Depois de 15 horas de votação, a maioria da Escócia votou “não” em plebiscito que definia separação política do Reino Unido. A apuração encerrou na madrugada desta sexta-feira (19), depois da abertura das urnas às 7h da quinta-feira (18). A aderência foi alta – 84.59% dos eleitores registrados compareceram às urnas para votar em plebiscito.
A decisão foi apertada. Enquanto 1.617.989 pessoas, ou seja, 44,7% votaram pela separação, o “não” contra a independência obteve 2.001.926 votos – 55,3% deles. A escolha pela permanência ao governo do Reino Unido ainda assim significa mudança, já que o país prometeu devolver mais poderes ao parlamento escocês.
A intenção de manter essa promessa foi reiterada pelo primeiro-ministro britânico, David Cameron após a divulgação do resultado. A aliança com a Inglaterra, formada em 1707, foi se tornando aos poucos um casamento sufocante e unilateral. A insatisfação cresceu a ponto de dar origem ao plebiscito, uma decisão histórica para ambos os países.
Para especialistas, o maior vencedor deste pleito foi a massa de cidadãos que se envolveu no debate eleitoral, após anos de apatia.
Uma terceira via teria surgido – que alguns ousam chamar de “Terceira Escócia” – a partir de grupos da sociedade civil que debateram o futuro do país.
“Formou-se uma coalizão de variadas origens sociais, políticas e ideológicas. Existe um imenso potencial de mudanças pela frente. Vamos viver uma nova era. O “antes” do plebiscito e o “depois” do plebiscito”, explicou ao GLOBO, o professor de Ciência Política e Social Philip Habel, da Universidade de Glasgow.
Daqui para frente, os tradicionais partidos políticos terão que se reinventar. Isso vale também para os trabalhistas, preferidos da população, com 41 das 59 cadeiras a que a Escócia tem direito no Parlamento britânico.
Para Habel, depois da excitação dos últimos dias, pode ser até que se criem novos partidos: “E os tradicionais têm que repensar a relação com o povo”.
Mobilização
Na Escócia, onde o voto não é obrigatório, 97% do eleitorado se cadastraram para ir às urnas. Nunca tantas pessoas tiveram interesse pela política. As próprias campanhas pelo “sim” e pelo “não” tiveram responsabilidade por isso. Foram atrás dos eleitores, bateram de porta em porta, ouviram as dúvidas durante os dois anos de campanha.
Nacionalistas, feministas, verdes, descontentes e sonhadores uniram-se em grupos independentes de campanha pela separação. Ficou tão clara a distância entre Edimburgo e Londres que o premier britânico, David Cameron, fez mea-culpa em cadeia nacional para avisar que não ficaria no cargo para sempre: nem ele, nem seu partido, que não é bem-visto no território escocês.

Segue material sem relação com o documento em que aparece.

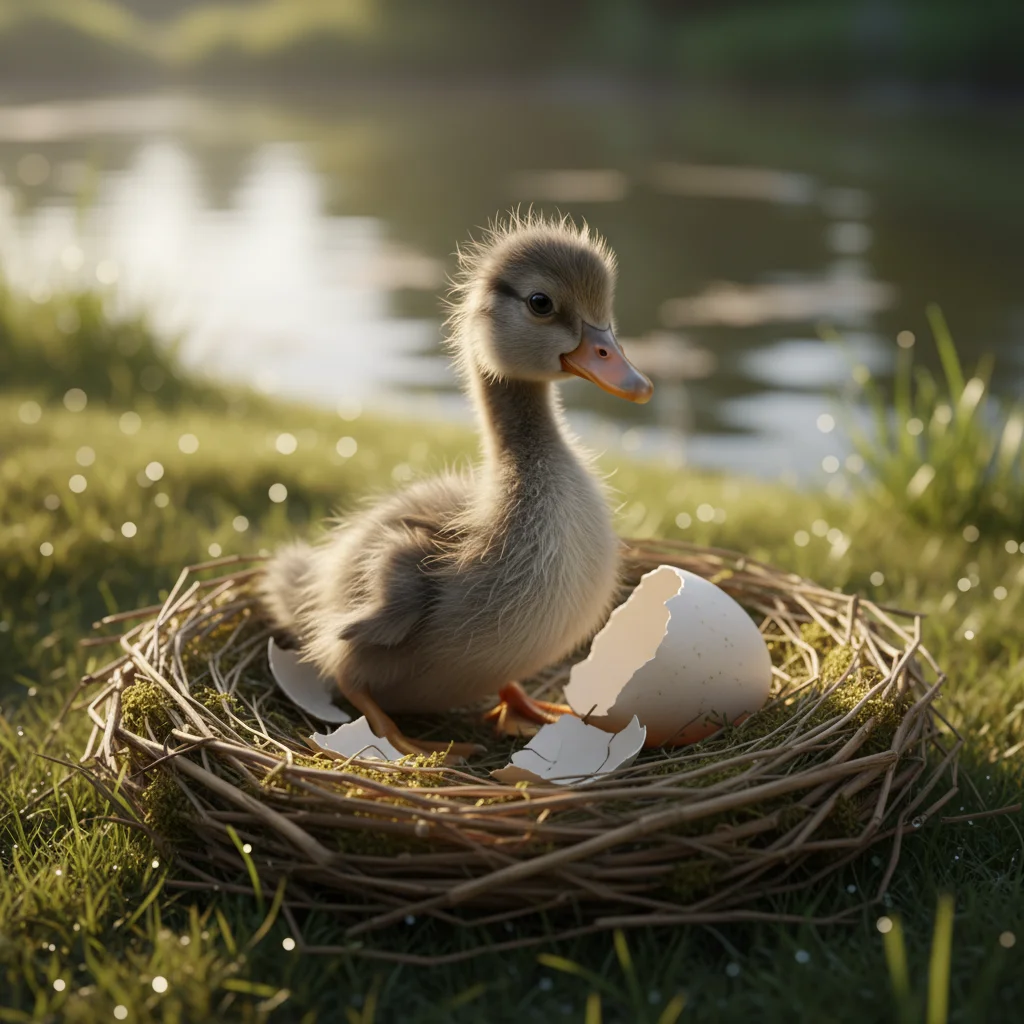 Illustration for: 一只奇怪的新鸭子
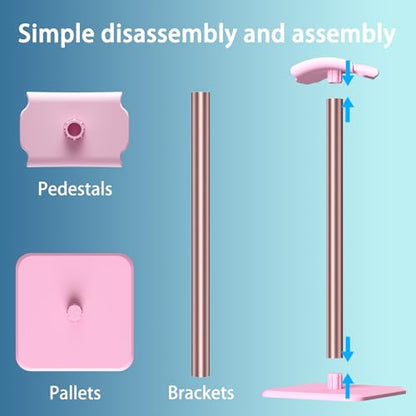 Headphone Stand - Headset Stand with Aluminum Hanger, Headphone Holder for AirPods Max, Sony, Bose, Beats and More (Pink) - color: Pink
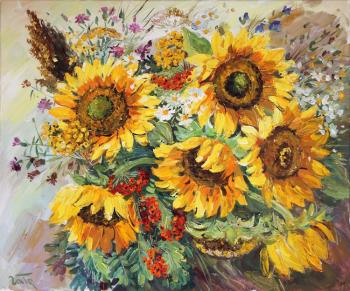 Sunflowers with Rowan. Gaifullina Elena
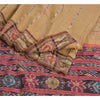 Sanskriti Vintage Saree Brown Odisha Hand Woven Ikat Blend Silk Sari 5yd Sustainable Fabric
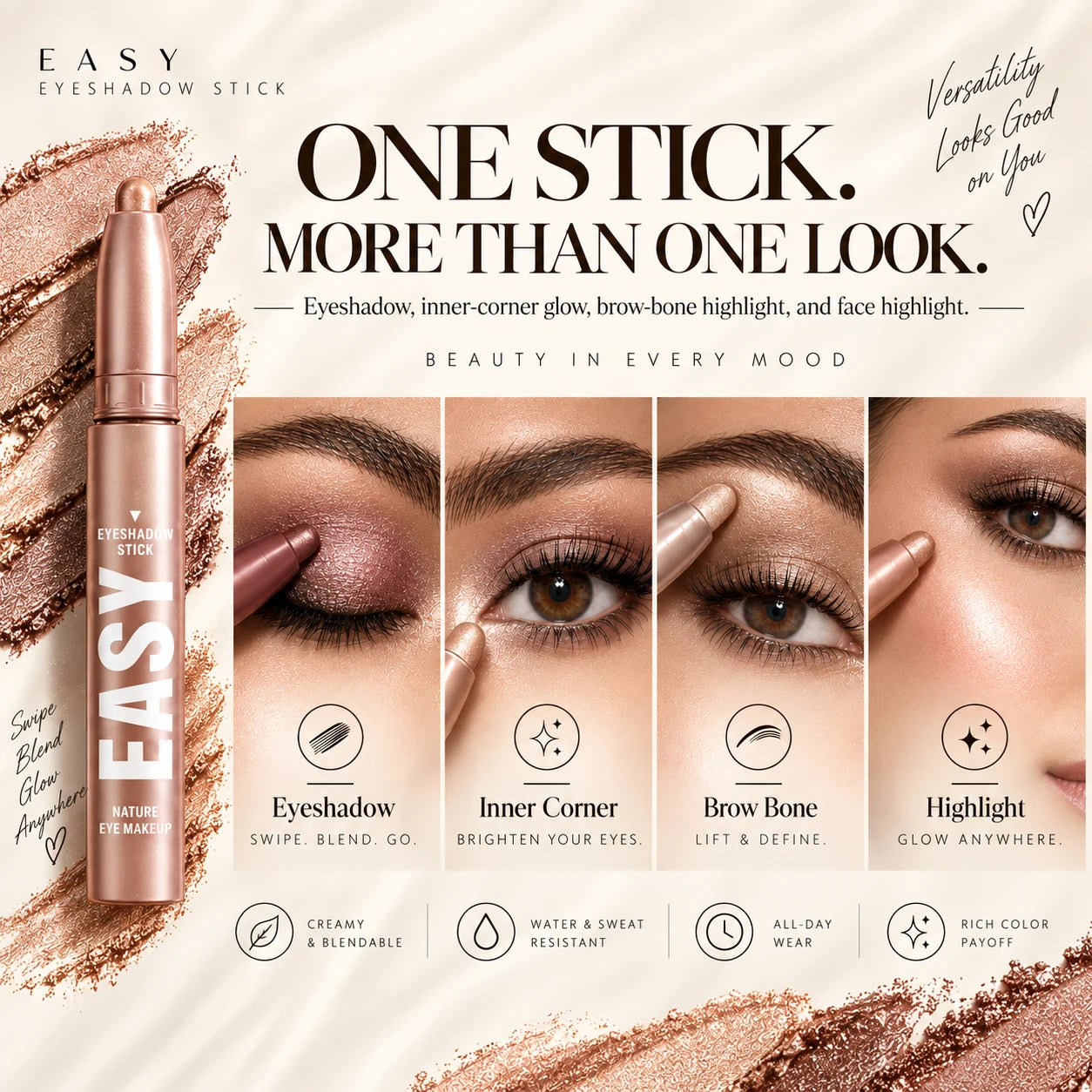 Multi-use eyeshadow and highlighter stick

“Houve uma mobilização surpreendente. Isso tem que ser levado em consideração”, afirma o especialista em política do Reino Unido Ben Worthy, da Birkbeck University of London. Mas há outras consequências. Para Habel, o público cobrará como nunca, porque sente-se parte da História. E uma parcela enorme da população, dos derrotados nas urnas, vai querer ver promessas cumpridas.
O termômetro imediato será o desempenho da economia, e se os novos e mais amplos poderes serão suficientes para uma vida melhor. O fato é que milhões de escoceses percebem-se sem afinidade com o Reino Unido. Será preciso promover razões para os jovens se sentirem parte da união.
O colunista Matthew Paris, do jornal “The Times”, é mais radical: “A união acabou, quem quer que seja o vencedor.”